- [What this task involves] Please copy the data below exactly, from its first line through the line holding "ANREONER Portable Dog", and skip the pictures.
*** Opening of The input ***
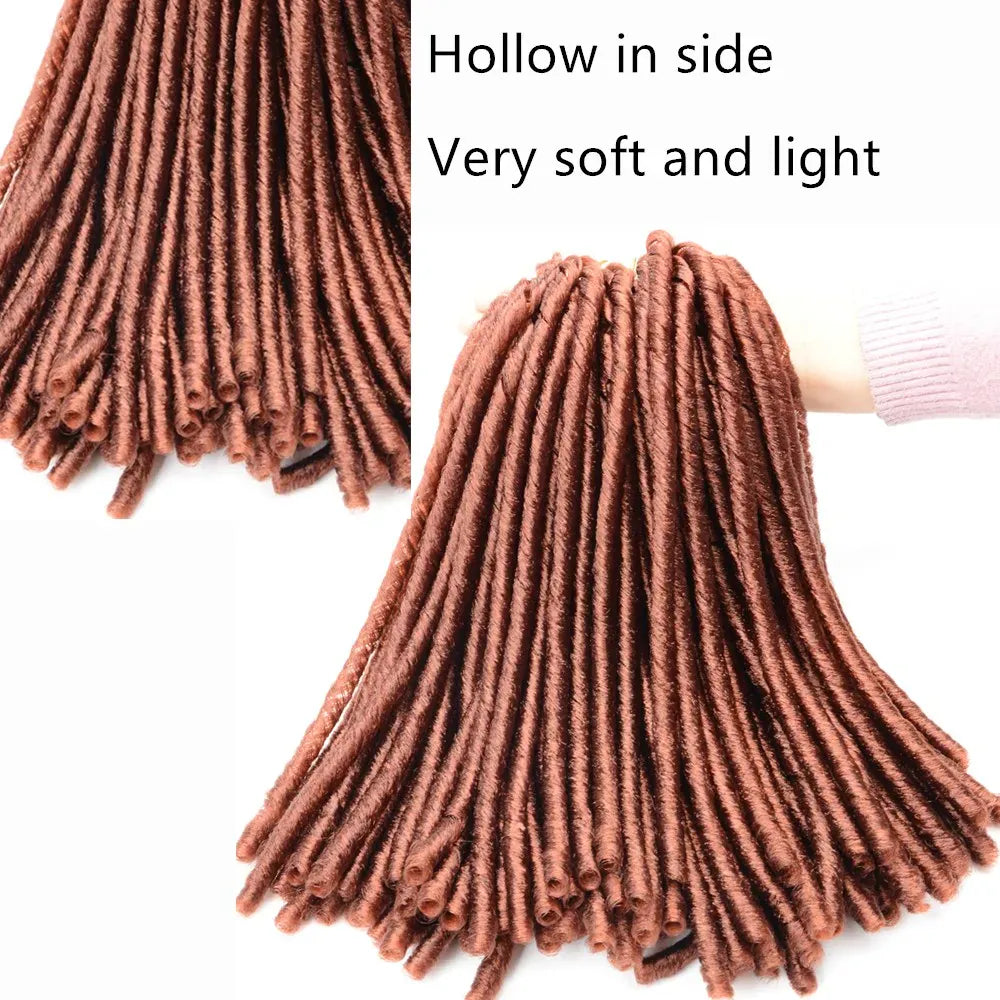 Full Star Crochet Braids Synthetic Hair Extensions Soft Faux Locs Black Brown Bug Color 70 G/Pack Crochet Hair for Women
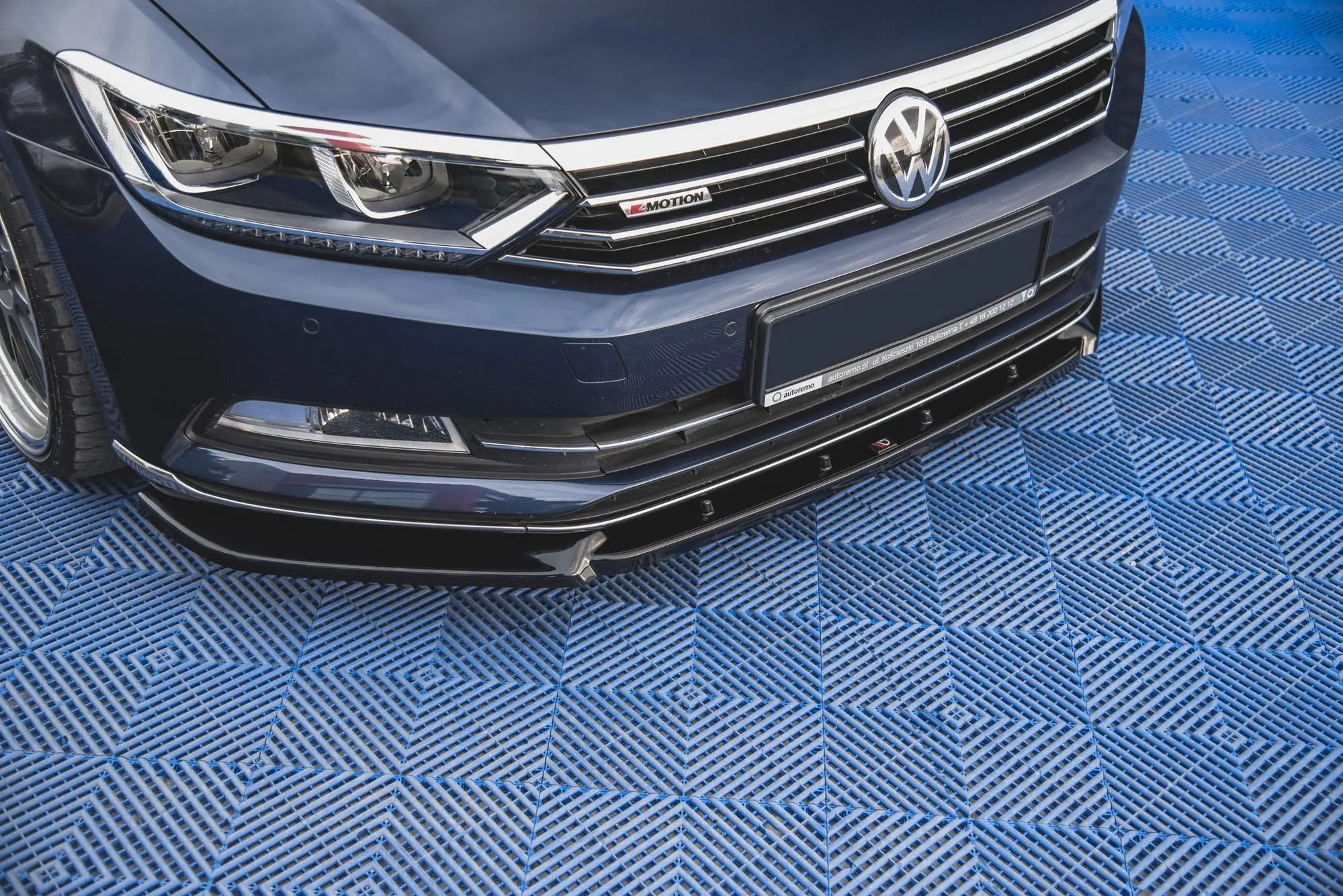 Frontspoiler VW Passat B8 2014 - 2019 | V.2 Glossy Black Edition – bilde 4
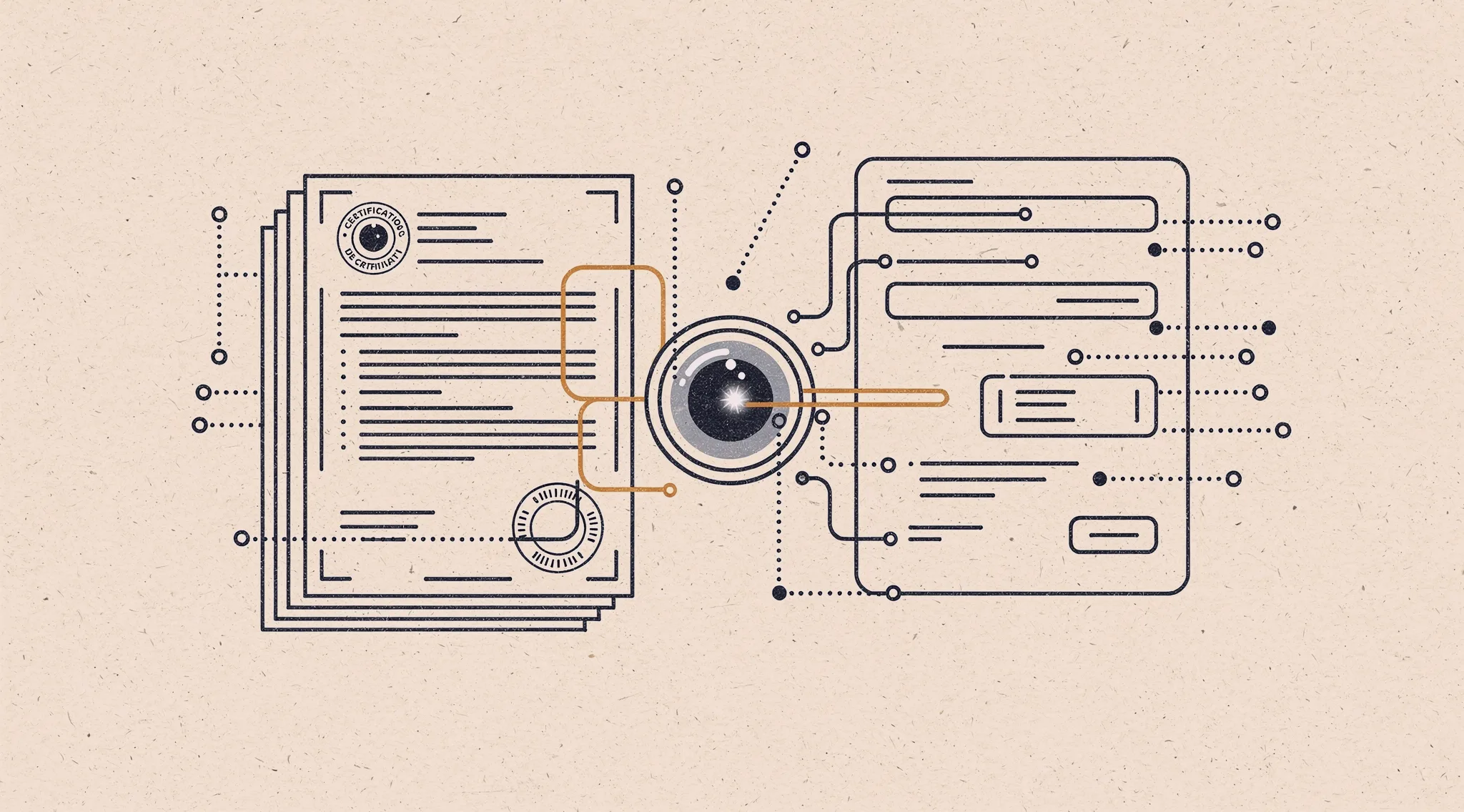 The discovery phase and an AI prototype for a certification company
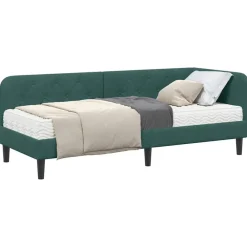Hoekbedframe 80 x 200 cm Fluweel><noscript><img width=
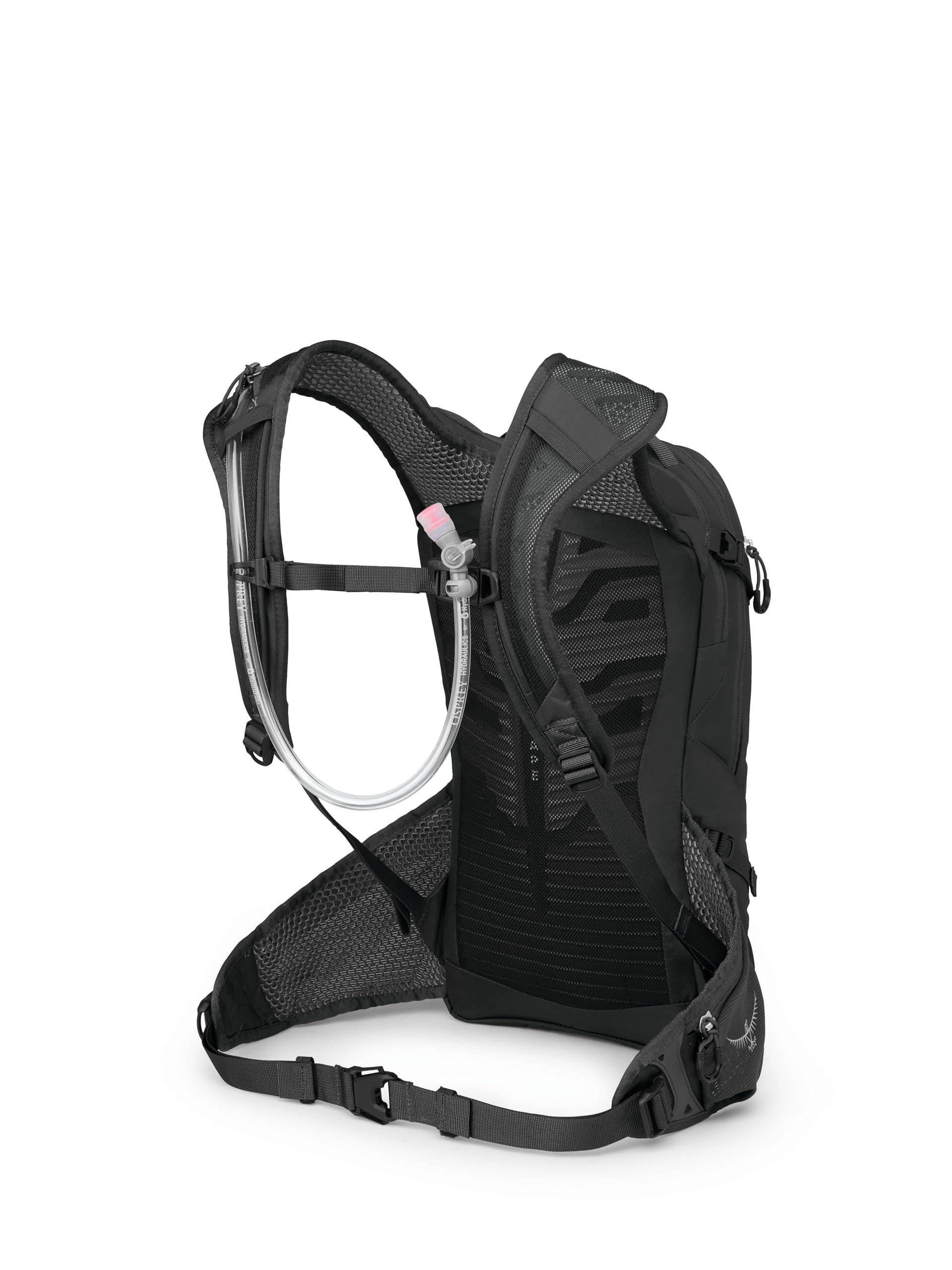 Stretch mesh front pocket on Raven 10L holds extra layers or snacks.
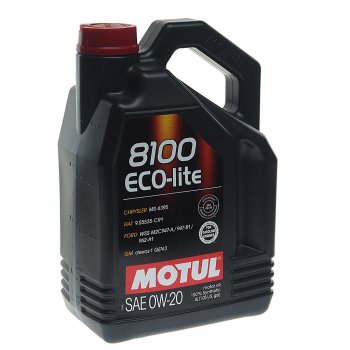 6 799 р. Масло моторное 8100 ECO-LITE 0W20 синт.4л MOTUL MOTUL 108535  с доставкой в г. Воронеж. Увеличить фотографию 1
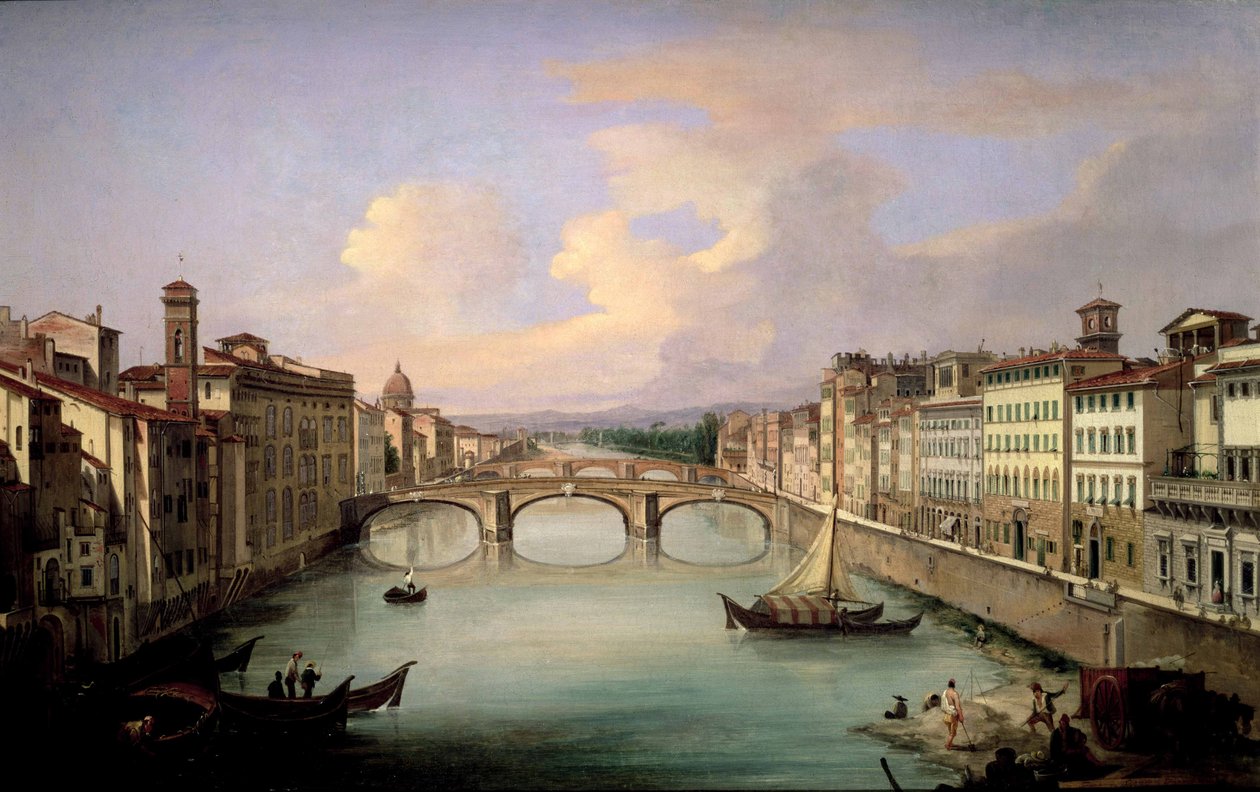 Florencie z Ponte Vecchio od Giovanni Signorini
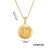 Fashion Zodiac Sign Letter Text Number Titanium Steel 18K Gold Plated Necklaces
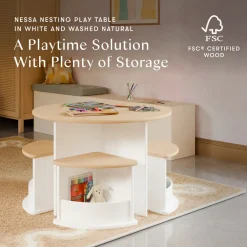 Nessa Nesting Play Table and Chair Set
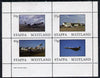 Staffa 1982 Military Jets perf,set of 4 values (10p to 75p) unmounted mint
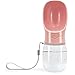 ANREONER Portable Dog Water Bottle for Walking,2.76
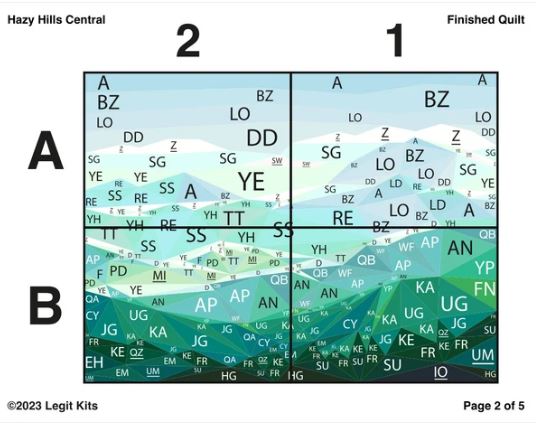 Legit Kits Hazy Hills Central Pattern | Special Order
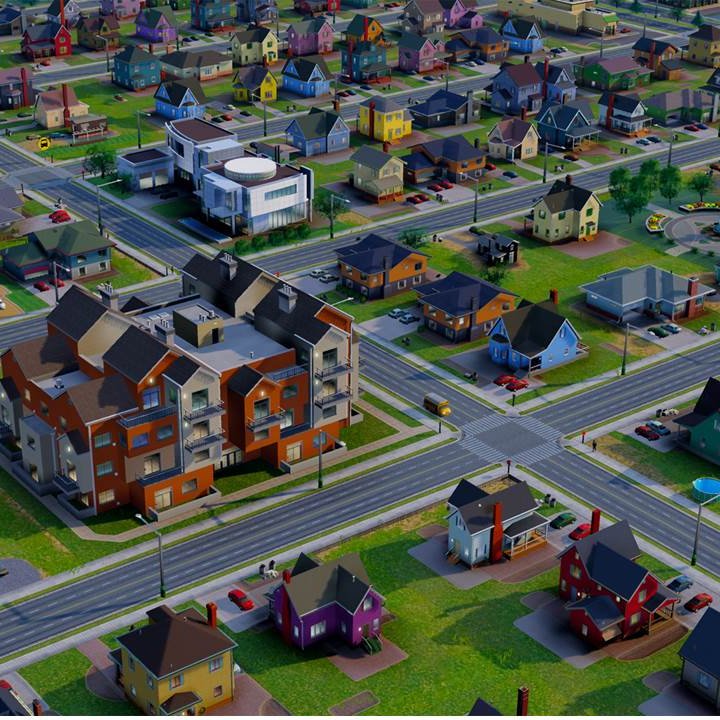 Residential, commercial and industrial subdivision developments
*** Close of The input ***
- [Exercise output]
 Full Star Crochet Braids Synthetic Hair Extensions Soft Faux Locs Black Brown Bug Color 70 G/Pack Crochet Hair for Women
 Frontspoiler VW Passat B8 2014 - 2019 | V.2 Glossy Black Edition – bilde 4
 The discovery phase and an AI prototype for a certification company
Hoekbedframe 80 x 200 cm Fluweel><noscript><img width=
 Stretch mesh front pocket on Raven 10L holds extra layers or snacks.
 6 799 р. Масло моторное 8100 ECO-LITE 0W20 синт.4л MOTUL MOTUL 108535  с доставкой в г. Воронеж. Увеличить фотографию 1
 Florencie z Ponte Vecchio od Giovanni Signorini
 Fashion Zodiac Sign Letter Text Number Titanium Steel 18K Gold Plated Necklaces
 Nessa Nesting Play Table and Chair Set
 Staffa 1982 Military Jets perf,set of 4 values (10p to 75p) unmounted mint
 ANREONER Portable Dog Water Bottle for Walking,2.76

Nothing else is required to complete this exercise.